Through the line that contains "1 Flora Way, Rototuna, Hamilton, Waikato", return the data below exactly, starting at its first line; leave the rest out.
═════ Material provided
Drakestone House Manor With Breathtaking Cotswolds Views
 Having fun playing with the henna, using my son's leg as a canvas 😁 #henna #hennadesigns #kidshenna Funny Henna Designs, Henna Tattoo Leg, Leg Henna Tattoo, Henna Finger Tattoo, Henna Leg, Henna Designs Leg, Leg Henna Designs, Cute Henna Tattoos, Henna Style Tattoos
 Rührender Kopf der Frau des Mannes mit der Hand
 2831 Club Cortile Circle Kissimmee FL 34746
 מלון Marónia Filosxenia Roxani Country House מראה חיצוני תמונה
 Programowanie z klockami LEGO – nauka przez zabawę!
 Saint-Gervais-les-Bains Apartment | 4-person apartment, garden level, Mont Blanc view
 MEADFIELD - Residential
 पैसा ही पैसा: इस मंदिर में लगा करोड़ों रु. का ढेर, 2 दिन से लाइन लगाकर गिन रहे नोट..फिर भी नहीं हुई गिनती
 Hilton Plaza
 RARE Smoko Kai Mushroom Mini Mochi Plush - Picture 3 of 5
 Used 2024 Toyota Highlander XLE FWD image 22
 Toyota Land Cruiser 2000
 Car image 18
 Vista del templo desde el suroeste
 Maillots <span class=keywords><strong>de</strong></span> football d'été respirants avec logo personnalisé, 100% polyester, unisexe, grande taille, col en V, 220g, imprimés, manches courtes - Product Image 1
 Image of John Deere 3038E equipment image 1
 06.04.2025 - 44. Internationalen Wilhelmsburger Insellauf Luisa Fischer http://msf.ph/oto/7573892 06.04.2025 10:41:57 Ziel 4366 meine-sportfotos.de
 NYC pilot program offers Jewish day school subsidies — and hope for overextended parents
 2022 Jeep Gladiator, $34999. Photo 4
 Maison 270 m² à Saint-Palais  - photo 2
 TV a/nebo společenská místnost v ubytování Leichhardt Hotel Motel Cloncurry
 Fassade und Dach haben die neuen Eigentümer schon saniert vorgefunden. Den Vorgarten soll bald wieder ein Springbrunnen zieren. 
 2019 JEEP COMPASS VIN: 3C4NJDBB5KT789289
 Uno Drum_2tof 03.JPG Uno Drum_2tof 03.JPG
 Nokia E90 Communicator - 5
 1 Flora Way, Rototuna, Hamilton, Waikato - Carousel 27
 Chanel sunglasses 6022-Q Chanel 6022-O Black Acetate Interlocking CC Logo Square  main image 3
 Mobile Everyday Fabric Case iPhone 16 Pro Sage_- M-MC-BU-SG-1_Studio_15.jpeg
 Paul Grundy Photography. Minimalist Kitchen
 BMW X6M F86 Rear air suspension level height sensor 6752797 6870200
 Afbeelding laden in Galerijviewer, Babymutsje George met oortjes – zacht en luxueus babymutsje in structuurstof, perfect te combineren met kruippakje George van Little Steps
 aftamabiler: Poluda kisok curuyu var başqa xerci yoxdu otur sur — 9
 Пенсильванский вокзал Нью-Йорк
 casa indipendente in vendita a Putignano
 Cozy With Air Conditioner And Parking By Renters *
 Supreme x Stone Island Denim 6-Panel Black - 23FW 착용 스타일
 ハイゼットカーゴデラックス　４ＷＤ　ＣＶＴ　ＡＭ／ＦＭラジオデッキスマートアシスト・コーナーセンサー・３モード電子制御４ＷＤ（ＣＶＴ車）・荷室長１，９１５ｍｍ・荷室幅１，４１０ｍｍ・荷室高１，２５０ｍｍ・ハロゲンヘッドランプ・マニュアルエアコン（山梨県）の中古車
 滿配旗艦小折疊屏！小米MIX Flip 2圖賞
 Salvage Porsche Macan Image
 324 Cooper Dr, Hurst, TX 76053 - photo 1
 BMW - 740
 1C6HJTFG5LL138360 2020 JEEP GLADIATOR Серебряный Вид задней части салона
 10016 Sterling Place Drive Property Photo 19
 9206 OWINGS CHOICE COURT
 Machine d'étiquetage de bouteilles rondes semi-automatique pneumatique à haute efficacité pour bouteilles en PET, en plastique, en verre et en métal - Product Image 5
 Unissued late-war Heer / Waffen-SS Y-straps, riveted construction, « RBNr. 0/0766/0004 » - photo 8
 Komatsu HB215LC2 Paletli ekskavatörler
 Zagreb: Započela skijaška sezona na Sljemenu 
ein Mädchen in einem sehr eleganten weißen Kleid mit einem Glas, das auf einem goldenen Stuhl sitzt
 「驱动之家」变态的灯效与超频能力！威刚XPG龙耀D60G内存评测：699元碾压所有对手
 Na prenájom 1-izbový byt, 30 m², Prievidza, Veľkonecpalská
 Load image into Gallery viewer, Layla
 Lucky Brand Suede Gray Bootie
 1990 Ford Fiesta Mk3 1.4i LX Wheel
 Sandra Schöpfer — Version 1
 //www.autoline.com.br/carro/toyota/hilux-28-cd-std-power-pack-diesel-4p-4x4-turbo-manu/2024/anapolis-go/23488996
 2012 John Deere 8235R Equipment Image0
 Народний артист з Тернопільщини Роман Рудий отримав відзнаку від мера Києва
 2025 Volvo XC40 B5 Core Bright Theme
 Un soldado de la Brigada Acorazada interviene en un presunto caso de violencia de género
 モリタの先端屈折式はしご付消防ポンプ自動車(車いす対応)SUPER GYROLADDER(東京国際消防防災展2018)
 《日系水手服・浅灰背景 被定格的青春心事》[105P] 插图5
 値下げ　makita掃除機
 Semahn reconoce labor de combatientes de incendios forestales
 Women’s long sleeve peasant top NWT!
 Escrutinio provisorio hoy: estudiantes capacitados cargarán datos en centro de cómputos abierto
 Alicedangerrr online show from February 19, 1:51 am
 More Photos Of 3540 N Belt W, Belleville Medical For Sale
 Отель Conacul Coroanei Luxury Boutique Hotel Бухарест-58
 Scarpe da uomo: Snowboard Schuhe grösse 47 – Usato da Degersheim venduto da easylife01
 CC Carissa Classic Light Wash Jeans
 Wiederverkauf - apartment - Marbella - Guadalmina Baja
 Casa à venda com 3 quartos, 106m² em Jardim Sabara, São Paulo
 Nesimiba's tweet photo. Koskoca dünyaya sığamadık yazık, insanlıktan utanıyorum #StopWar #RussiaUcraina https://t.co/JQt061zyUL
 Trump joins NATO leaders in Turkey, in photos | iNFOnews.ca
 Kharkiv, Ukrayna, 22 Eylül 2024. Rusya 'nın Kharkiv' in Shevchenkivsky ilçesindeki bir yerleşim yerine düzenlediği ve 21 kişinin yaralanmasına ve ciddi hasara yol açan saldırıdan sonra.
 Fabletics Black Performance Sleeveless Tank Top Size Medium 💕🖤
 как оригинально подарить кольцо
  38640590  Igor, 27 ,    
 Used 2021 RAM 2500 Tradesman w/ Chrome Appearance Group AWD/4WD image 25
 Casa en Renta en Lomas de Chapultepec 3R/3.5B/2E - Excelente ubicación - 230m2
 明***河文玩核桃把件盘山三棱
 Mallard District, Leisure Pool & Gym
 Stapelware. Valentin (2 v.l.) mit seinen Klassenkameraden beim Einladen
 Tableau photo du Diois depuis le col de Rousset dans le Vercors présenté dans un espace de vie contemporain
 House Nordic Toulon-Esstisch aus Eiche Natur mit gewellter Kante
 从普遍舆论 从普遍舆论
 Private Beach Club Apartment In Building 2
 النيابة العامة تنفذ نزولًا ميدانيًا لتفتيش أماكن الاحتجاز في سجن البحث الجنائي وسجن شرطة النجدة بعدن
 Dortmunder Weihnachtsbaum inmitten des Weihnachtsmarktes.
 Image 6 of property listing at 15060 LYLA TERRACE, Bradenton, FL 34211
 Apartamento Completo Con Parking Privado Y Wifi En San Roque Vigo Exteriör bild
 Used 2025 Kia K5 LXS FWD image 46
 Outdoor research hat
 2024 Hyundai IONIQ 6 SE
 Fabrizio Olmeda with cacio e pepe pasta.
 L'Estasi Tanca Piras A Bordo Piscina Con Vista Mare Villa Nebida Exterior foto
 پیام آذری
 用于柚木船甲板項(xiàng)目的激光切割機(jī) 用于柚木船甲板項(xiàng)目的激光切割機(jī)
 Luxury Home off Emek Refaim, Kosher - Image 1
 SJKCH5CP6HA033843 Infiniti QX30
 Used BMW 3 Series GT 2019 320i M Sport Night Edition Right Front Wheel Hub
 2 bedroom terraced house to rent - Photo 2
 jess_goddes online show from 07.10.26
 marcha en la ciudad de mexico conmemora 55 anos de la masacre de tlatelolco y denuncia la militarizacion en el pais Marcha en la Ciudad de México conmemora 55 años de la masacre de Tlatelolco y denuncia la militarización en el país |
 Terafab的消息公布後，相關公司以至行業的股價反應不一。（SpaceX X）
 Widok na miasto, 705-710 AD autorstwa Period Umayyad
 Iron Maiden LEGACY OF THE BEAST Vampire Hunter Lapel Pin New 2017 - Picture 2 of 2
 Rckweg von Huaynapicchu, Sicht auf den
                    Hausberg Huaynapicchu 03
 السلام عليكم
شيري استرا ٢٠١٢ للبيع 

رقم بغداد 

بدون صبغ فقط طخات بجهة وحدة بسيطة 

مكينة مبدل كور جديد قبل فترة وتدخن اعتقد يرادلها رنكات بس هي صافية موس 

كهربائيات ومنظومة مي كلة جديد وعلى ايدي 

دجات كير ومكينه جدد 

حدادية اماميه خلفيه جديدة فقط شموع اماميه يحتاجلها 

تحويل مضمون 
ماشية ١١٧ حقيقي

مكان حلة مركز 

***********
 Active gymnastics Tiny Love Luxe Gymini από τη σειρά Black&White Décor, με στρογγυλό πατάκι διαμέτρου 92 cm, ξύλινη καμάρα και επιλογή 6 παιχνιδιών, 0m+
══════════
● Response for this exercise
Drakestone House Manor With Breathtaking Cotswolds Views
 Having fun playing with the henna, using my son's leg as a canvas 😁 #henna #hennadesigns #kidshenna Funny Henna Designs, Henna Tattoo Leg, Leg Henna Tattoo, Henna Finger Tattoo, Henna Leg, Henna Designs Leg, Leg Henna Designs, Cute Henna Tattoos, Henna Style Tattoos
 Rührender Kopf der Frau des Mannes mit der Hand
 2831 Club Cortile Circle Kissimmee FL 34746
 מלון Marónia Filosxenia Roxani Country House מראה חיצוני תמונה
 Programowanie z klockami LEGO – nauka przez zabawę!
 Saint-Gervais-les-Bains Apartment | 4-person apartment, garden level, Mont Blanc view
 MEADFIELD - Residential
 पैसा ही पैसा: इस मंदिर में लगा करोड़ों रु. का ढेर, 2 दिन से लाइन लगाकर गिन रहे नोट..फिर भी नहीं हुई गिनती
 Hilton Plaza
 RARE Smoko Kai Mushroom Mini Mochi Plush - Picture 3 of 5
 Used 2024 Toyota Highlander XLE FWD image 22
 Toyota Land Cruiser 2000
 Car image 18
 Vista del templo desde el suroeste
 Maillots <span class=keywords><strong>de</strong></span> football d'été respirants avec logo personnalisé, 100% polyester, unisexe, grande taille, col en V, 220g, imprimés, manches courtes - Product Image 1
 Image of John Deere 3038E equipment image 1
 06.04.2025 - 44. Internationalen Wilhelmsburger Insellauf Luisa Fischer http://msf.ph/oto/7573892 06.04.2025 10:41:57 Ziel 4366 meine-sportfotos.de
 NYC pilot program offers Jewish day school subsidies — and hope for overextended parents
 2022 Jeep Gladiator, $34999. Photo 4
 Maison 270 m² à Saint-Palais  - photo 2
 TV a/nebo společenská místnost v ubytování Leichhardt Hotel Motel Cloncurry
 Fassade und Dach haben die neuen Eigentümer schon saniert vorgefunden. Den Vorgarten soll bald wieder ein Springbrunnen zieren. 
 2019 JEEP COMPASS VIN: 3C4NJDBB5KT789289
 Uno Drum_2tof 03.JPG Uno Drum_2tof 03.JPG
 Nokia E90 Communicator - 5
 1 Flora Way, Rototuna, Hamilton, Waikato - Carousel 27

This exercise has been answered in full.